On March 16, 2005, the Court of Appeals issued the assailed Resolution dismissing CA-G.R. SP No. 87699 for lack of merit. It ruled that certiorari lies only when there is no appeal nor any plain, speedy or adequate remedy. In Ong’s case, he had in fact availed of the remedy of appeal, adequate to deal with any factual or legal question. It further ruled that absent any evidence of bad faith, malice, or corrupt purpose, repeated adverse rulings on a litigant are not bases for disqualification of a judge on the grounds of bias and prejudice. Moreover, a petition for certiorari, in order to prosper, must be based on jurisdictional grounds; any error committed in the exercise thereof will only amount to an error of judgment, reviewable or correctible by ordinary appeal.9 The decretal portion of the Courts of Appeals’ Resolution reads,
WHEREFORE, the petition for certiorari is DISMISSED for lack of merit.
SO ORDERED.10
Hence, this petition wherein Ong alleges that the Court of Appeals erred in dismissing his petition for certiorari because:
I.
SPECIAL CIVIL ACTION OF CERTIORARI WAS THE PROPER REMEDY AGAINST THE DENIAL OF THE MOTION FOR INHIBITION...
II.
UNDER THE SPECIAL CIRCUMSTANCES OF THE CASE, THE REMEDY OF APPEAL WAS INADEQUATE TO RELIEVE PETITIONER FROM THE INJURIOUS EFFECTS OF THE DENIAL OF THE MOTION FOR INHIBITION.11
Essentially, the issue is: Did the Court of Appeals err when it ruled that a petition for certiorari under Rule 65 of the Rules of Court was not the proper remedy from the denial of petitioner’s motion for inhibition?
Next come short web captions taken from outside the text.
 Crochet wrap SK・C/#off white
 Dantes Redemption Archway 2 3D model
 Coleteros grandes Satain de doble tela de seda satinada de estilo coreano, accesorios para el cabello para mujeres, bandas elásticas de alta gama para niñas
Petitioner contends that a special civil action for certiorari was the proper remedy. He argues that the issue he raised before the Court of Appeals involved an error of jurisdiction on the part of Judge Reyes, thus, correctible only by a special civil action for certiorari. He maintains that Judge Reyes exhibited bias when she simultaneously denied his motions for reconsideration and inhibition. He further contends that the factual findings of Judge Reyes were baseless and erroneous. Assuming arguendo that appeal was the proper remedy, he avers that it is inadequate to afford him relief.
Respondent counters that certiorari was not the proper remedy from the denial of petitioner’s motion for inhibition. First, she points out that petitioner did not file a motion for reconsideration on the denial of his motion for inhibition before filing the petition for certiorari with the Court of Appeals. Second, she stresses that Judge Reyes acted within her jurisdiction and an alleged misapprehension of facts, if any, is a mere error of judgment correctible by appeal. She asserts that partiality and bad faith of a judge cannot be presumed but must be proven by clear and convincing evidence. Third, she contends that petitioner is guilty of forum-shopping when he availed both remedies of appeal and certiorari in assailing the RTC Order which denied his motions for reconsideration and inhibition.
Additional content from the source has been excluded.